I apologize; I'll answer in English.
This is an important question. To start at the beginning, we've been hearing that sometimes, as Mr. Bester raised, some of the contested mergers have not gone the commissioner's way. That is true, and I think there are some decisions there that I disagree with, but it is important to understand that the bureau has a lot of informal power when it comes to mergers, because the number of firms that are willing to go to litigation to resolve a dispute is relatively small. Mergers are often very time-sensitive, so there is a lot of clout there, and a lot of mergers over the years have been resolved informally. Many more mergers get resolved informally than formally. Thinking that we need structural presumptions to give the bureau more heft might be missing an important part of the picture, which is that the bureau has a fair amount of heft in its ability to say, “Slow down. We may take this to the tribunal and negotiate a settlement.” I think that's an important first part.

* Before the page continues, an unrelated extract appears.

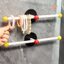 Giá treo phụ kiện tóc và khăn tắm gắn tường kiểu Dopamine, không cần khoan, dùng trong phòng tắm gia đình.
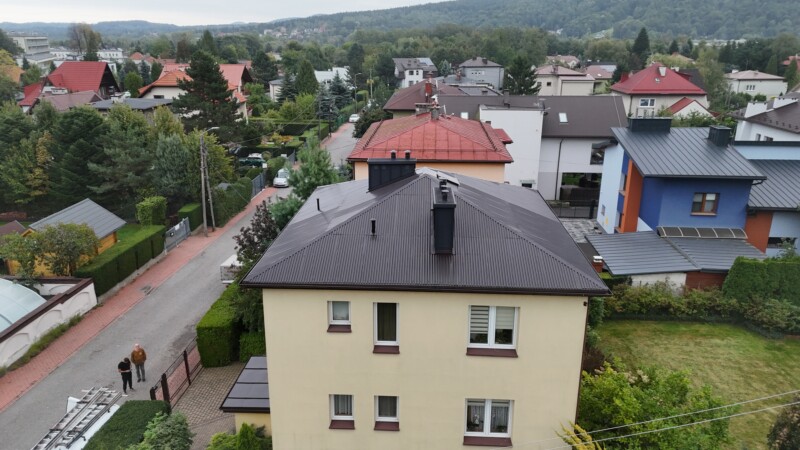 malowanie dachu blaszanego, blachy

The other point that you raise, which is a good one, is that there have been times—and I can think of cases like Tervita—when the courts have been insufficiently attentive to the importance of competition. Professor Quaid spoke of judicial education. Maybe it's something like that. Mr. Bester and Professor Quaid spoke of possible institutional reform to make sure that adjudicators are quite sensitive to the importance of competition.
Those are just two of the other ways that we could be thinking about the importance of competition without adopting numerical tripwires.